Sinclair v. State

Morton, J.,

delivered the opinion of the Court. Davidson, J., dissents and filed a dissenting opinion at page 218 infra.

The appellant, Philippe Andre Sinclair, was convicted by a jury sitting in the Circuit Court for Caroline County (Wise, J., presiding) on five separate charges (contained in an information) of violating the so-called Worthless Check Act, Code, Art. 27 § 142. A sentence of five years, with three years suspended, was imposed on the first conviction (count 3 of the information) and identical concurrent sentences were imposed on the remaining four convictions (counts 7, 11, 15 and 19 of the information). The case had been removed from the Circuit Court for Kent County.

In this appeal appellant raises a number of issues, in the first of which he contends that the evidence was legally insufficient to support a finding of guilt under Code, Art. 27 § 142.

It appears from the record that the appellant was president of Sinwellan Corporation which operated a resort known as The Great Oak Lodge near Chestertown in Kent County, Maryland. On five separate occasions between *209July 13, 1973, and August 31, 1973, checks signed by the appellant, drawn on several banks in varying amounts totaling over $10,000, made payable to Fulton Meat Packing Company (Fulton), were delivered to that company in payment for meats sold and delivered to The Great Oak Lodge. Each of the five checks was presented to the appropriate bank by Fulton and each was returned with the notation “Insufficient Funds” and the further notation on several of the checks, “Check presented twice, please do not present again.” There was evidence that at the time of the trial below the checks still had not been honored or payment made to Fulton in lieu of the checks.

In contending that the evidence was legally insufficient to sustain the convictions, it is particularly contended that there was no evidence to show that appellant intended to cheat and defraud Fulton or that he signed the dishonored checks; that there was no “evidence that proved insufficient funds”; and that there was a failure to prove delivery of the meats.
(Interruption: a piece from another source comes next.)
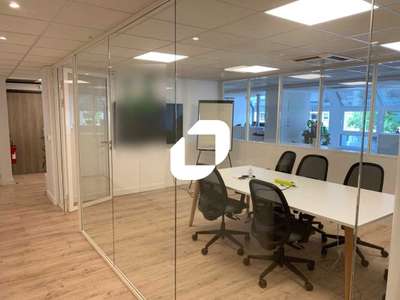 A louer Bureaux 240m² Sevres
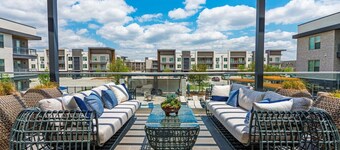 Modern King Bed | Pool+Gym+Free Parking+Stockyards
Code, Art. 27 § 142, provides in part:

“Every person who, with intent to cheat and defraud another, shall obtain money, credit, goods * * * or anything of value * * * by means of a check, draft or any other negotiable instrument of any kind drawn, whether by such person or by any other person, persons, firm or corporation, upon any bank * * * and the same be not paid upon presentation, shall be deemed to have obtained such money, credit, goods, services * * * or things of value by means of a false pretense. * * * The giving of the aforesaid worthless check, draft or negotiable instrument * * * shall be prima facie evidence of intent to cheat or defraud; provided that if such person shall be a bona fide resident of the State of Maryland and shall deposit with the drawee of such paper * * * within ten days thereafter funds sufficient to meet the same, with all costs and interest which may have accrued he shall not be prosecuted under this section, and no prosecution *210either by presentment, indictment or otherwise, shall be instituted or commenced until after the expiration of said period of ten days.”
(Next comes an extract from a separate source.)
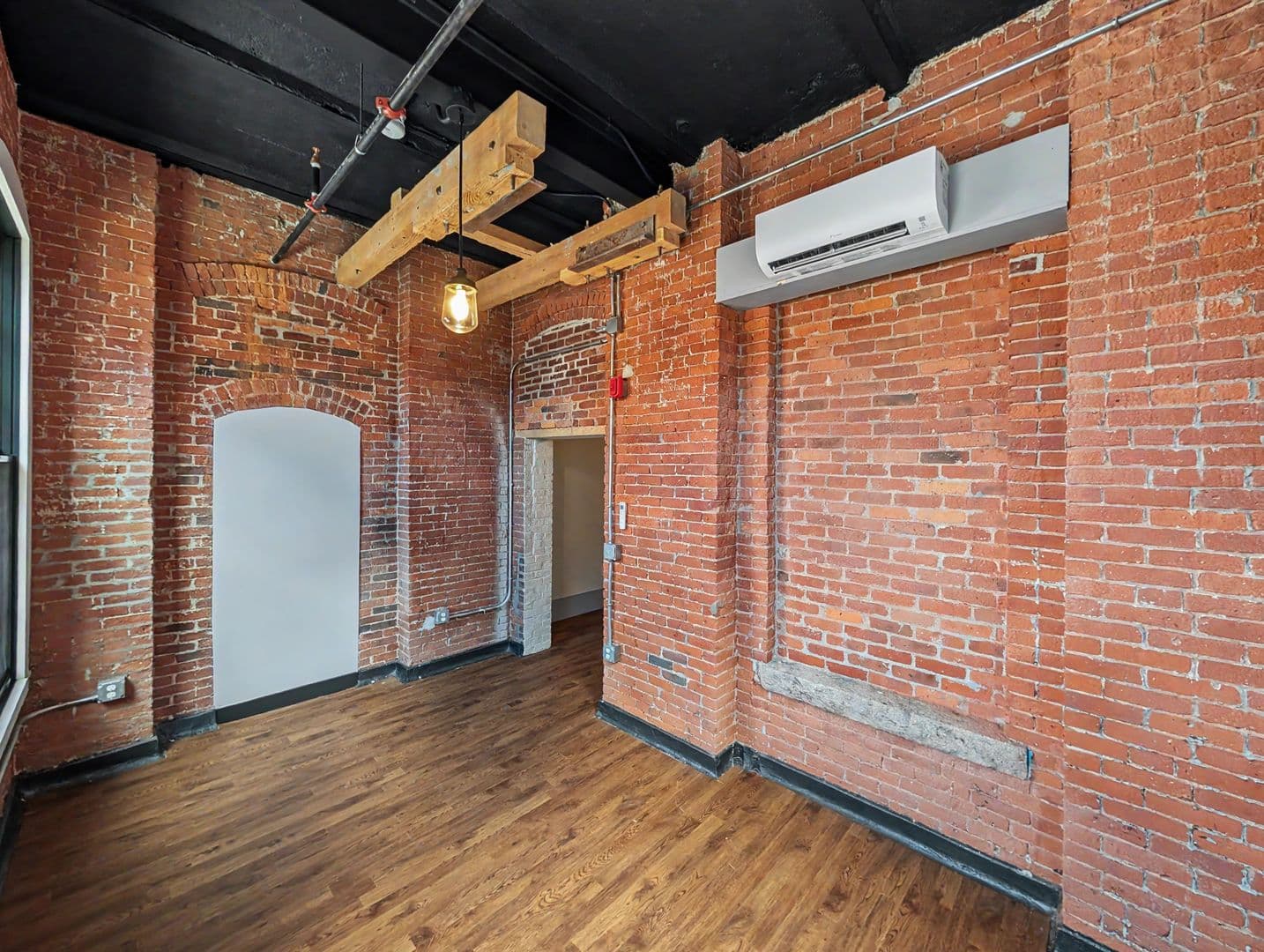 Worcester Apartment: 90 Grove Street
We cannot quarrel with appellant’s statement that under the statute, the “State mus; show that there was a representation of an existing fact made with intent to defraud, and that the operation: of such representation as a deception induced a transfer and the obtaining of the money or property by the person committing the fraud to the loss of another.” See League v. State, 1 Md. App. 681. We cannot agree, however, that the State failed to meet its burden.

The credit manager of Fulton (whose principal place of business was in Massachusetts) testified that Fulton agreed to deliver meats to The Great Oak Lodge upon order of the chef and that the shipments were to be made by common carrier (motor freight) on a C.O.D. basis. The driver of the truck was specifically instructed not to deliver the meats until he had received payment, either by check or in cash. He further testified that each of the five checks was given to Fulton for meats “sold and delivered” to The Great Oak Lodge. According to the manager, on several occasions when the checks were returned unpaid, he talked with appellant who advised him “redeposit them and they are all right.”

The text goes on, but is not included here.